On this page

datafusion.expr¶

This module supports expressions, one of the core concepts in DataFusion.

See Expressions in the online documentation for more details.

Classes¶

`CaseBuilder`	Builder class for constructing case statements.
`Expr`	Expression object.
`SortExpr`	Used to specify sorting on either a DataFrame or function.
`Window`	Define reusable window parameters.
`WindowFrame`	Defines a window frame for performing window operations.
`WindowFrameBound`	Defines a single window frame bound.

Module Contents¶

class datafusion.expr.CaseBuilder(case_builder: datafusion._internal.expr.CaseBuilder)¶

Builder class for constructing case statements.

An example usage would be as follows:

import datafusion.functions as f
from datafusion import lit, col
df.select(
    f.case(col("column_a")
    .when(lit(1), lit("One"))
    .when(lit(2), lit("Two"))
    .otherwise(lit("Unknown"))
)

Constructs a case builder.

This is not typically called by the end user directly. See datafusion.functions.case() instead.

end() → Expr¶

Finish building a case statement.

Any non-matching cases will end in a null value.

otherwise(else_expr: Expr) → Expr¶: Set a default value for the case statement.

when(when_expr: Expr, then_expr: Expr) → CaseBuilder¶: Add a case to match against.

case_builder¶

class datafusion.expr.Expr(expr: datafusion._internal.expr.Expr)¶

Expression object.

Expressions are one of the core concepts in DataFusion. See Expressions in the online documentation for more information.

This constructor should not be called by the end user.

__add__(rhs: Any) → Expr¶

Addition operator.

Accepts either an expression or any valid PyArrow scalar literal value.

__and__(rhs: Expr) → Expr¶: Logical AND.

__eq__(rhs: Any) → Expr¶

Equal to.

Accepts either an expression or any valid PyArrow scalar literal value.

__ge__(rhs: Any) → Expr¶

Greater than or equal to.

Accepts either an expression or any valid PyArrow scalar literal value.
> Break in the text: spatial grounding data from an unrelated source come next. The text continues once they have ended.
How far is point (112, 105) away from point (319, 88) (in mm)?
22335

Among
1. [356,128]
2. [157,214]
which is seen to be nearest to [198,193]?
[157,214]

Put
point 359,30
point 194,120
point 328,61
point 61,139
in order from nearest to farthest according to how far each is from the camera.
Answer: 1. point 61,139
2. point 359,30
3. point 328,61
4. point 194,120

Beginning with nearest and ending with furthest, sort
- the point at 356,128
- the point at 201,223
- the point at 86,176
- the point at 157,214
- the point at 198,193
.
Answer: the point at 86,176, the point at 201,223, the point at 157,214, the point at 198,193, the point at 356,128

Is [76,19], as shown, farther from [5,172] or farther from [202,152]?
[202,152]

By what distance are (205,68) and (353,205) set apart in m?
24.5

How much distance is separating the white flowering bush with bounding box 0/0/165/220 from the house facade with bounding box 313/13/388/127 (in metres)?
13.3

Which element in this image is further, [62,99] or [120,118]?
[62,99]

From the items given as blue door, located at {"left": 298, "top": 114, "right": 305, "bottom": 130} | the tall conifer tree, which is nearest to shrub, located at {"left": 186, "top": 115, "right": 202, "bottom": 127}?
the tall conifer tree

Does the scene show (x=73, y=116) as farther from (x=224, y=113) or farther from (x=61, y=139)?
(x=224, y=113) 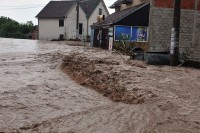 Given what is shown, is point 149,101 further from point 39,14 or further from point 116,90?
point 39,14

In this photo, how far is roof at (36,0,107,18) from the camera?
205 ft

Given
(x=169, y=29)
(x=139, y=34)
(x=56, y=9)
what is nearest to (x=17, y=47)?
(x=139, y=34)

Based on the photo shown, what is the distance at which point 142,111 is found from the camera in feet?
29.5

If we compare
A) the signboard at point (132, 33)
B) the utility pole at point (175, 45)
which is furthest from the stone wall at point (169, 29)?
the utility pole at point (175, 45)

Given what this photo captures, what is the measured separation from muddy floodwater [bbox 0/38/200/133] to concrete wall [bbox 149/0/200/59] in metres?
9.43

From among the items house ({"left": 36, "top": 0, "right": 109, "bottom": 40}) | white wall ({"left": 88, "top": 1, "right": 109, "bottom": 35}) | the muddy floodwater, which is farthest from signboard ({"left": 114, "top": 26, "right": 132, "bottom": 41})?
white wall ({"left": 88, "top": 1, "right": 109, "bottom": 35})

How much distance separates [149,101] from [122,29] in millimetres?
20272

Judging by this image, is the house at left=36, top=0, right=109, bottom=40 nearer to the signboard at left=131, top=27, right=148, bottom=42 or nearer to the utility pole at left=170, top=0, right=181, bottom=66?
the signboard at left=131, top=27, right=148, bottom=42

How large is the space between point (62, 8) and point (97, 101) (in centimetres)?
5497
__getitem__(key: str | int) → Expr¶

Retrieve sub-object.

If key is a string, returns the subfield of the struct. If key is an integer, retrieves the element in the array. Note that the element index begins at 0, unlike array_element which begins at 1.

__gt__(rhs: Any) → Expr¶

Greater than.

Accepts either an expression or any valid PyArrow scalar literal value.
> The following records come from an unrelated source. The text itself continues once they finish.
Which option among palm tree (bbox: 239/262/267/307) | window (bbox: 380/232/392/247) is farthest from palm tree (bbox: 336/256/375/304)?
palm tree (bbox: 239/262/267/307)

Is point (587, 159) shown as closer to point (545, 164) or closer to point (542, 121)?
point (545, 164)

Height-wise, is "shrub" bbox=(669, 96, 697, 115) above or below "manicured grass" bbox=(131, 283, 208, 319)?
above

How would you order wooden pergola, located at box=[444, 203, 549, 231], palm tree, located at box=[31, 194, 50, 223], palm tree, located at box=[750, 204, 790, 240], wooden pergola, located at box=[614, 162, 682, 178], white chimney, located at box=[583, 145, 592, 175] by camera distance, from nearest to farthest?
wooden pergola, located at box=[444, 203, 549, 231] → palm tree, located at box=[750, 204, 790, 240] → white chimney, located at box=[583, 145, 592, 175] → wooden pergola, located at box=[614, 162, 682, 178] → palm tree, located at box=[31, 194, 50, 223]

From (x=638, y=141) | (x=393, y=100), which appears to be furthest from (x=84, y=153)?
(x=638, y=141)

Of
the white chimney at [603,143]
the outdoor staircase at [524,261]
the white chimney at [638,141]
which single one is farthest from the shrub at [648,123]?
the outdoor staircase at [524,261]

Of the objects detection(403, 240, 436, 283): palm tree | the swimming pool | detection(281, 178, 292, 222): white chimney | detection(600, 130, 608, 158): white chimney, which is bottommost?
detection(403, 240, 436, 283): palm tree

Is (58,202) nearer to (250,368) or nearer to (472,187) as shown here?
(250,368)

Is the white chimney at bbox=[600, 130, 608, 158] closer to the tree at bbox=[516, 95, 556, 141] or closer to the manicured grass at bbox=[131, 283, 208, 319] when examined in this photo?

__invert__() → Expr¶: Binary not (~).

__le__(rhs: Any) → Expr¶

Less than or equal to.

Accepts either an expression or any valid PyArrow scalar literal value.

__lt__(rhs: Any) → Expr¶

Less than.

Accepts either an expression or any valid PyArrow scalar literal value.

__mod__(rhs: Any) → Expr¶

Modulo operator (%).

Accepts either an expression or any valid PyArrow scalar literal value.

__mul__(rhs: Any) → Expr¶

Multiplication operator.

Accepts either an expression or any valid PyArrow scalar literal value.

__ne__(rhs: Any) → Expr¶

Not equal to.

Accepts either an expression or any valid PyArrow scalar literal value.

__or__(rhs: Expr) → Expr¶: Logical OR.

__repr__() → str¶: Generate a string representation of this expression.

__richcmp__(other: Expr, op: int) → Expr¶: Comparison operator.

__sub__(rhs: Any) → Expr¶

Subtraction operator.

Accepts either an expression or any valid PyArrow scalar literal value.

__truediv__(rhs: Any) → Expr¶

Division operator.

Accepts either an expression or any valid PyArrow scalar literal value.

alias(name: str) → Expr¶: Assign a name to the expression.

between(low: Any, high: Any, negated: bool = False) → Expr¶

Returns True if this expression is between a given range.

Parameters:

low – lower bound of the range (inclusive).
high – higher bound of the range (inclusive).
negated – negates whether the expression is between a given range

canonical_name() → str¶: Returns a complete string representation of this expression.

cast(to: pyarrow.DataType[Any] | Type[float] | Type[int] | Type[str] | Type[bool]) → Expr¶: Cast to a new data type.

static column(value: str) → Expr¶: Creates a new expression representing a column.

column_name(plan: datafusion.plan.LogicalPlan) → str¶: Compute the output column name based on the provided logical plan.

display_name() → str¶

Returns the name of this expression as it should appear in a schema.

This name will not include any CAST expressions.

distinct() → ExprFuncBuilder¶

Only evaluate distinct values for an aggregate function.

This function will create an ExprFuncBuilder that can be used to set parameters for either window or aggregate functions. If used on any other type of expression, an error will be generated when build() is called.

fill_nan(value: Any | Expr | None = None) → Expr¶: Fill NaN values with a provided value.

fill_null(value: Any | Expr | None = None) → Expr¶: Fill NULL values with a provided value.

filter(filter: Expr) → ExprFuncBuilder¶

Filter an aggregate function.

This function will create an ExprFuncBuilder that can be used to set parameters for either window or aggregate functions. If used on any other type of expression, an error will be generated when build() is called.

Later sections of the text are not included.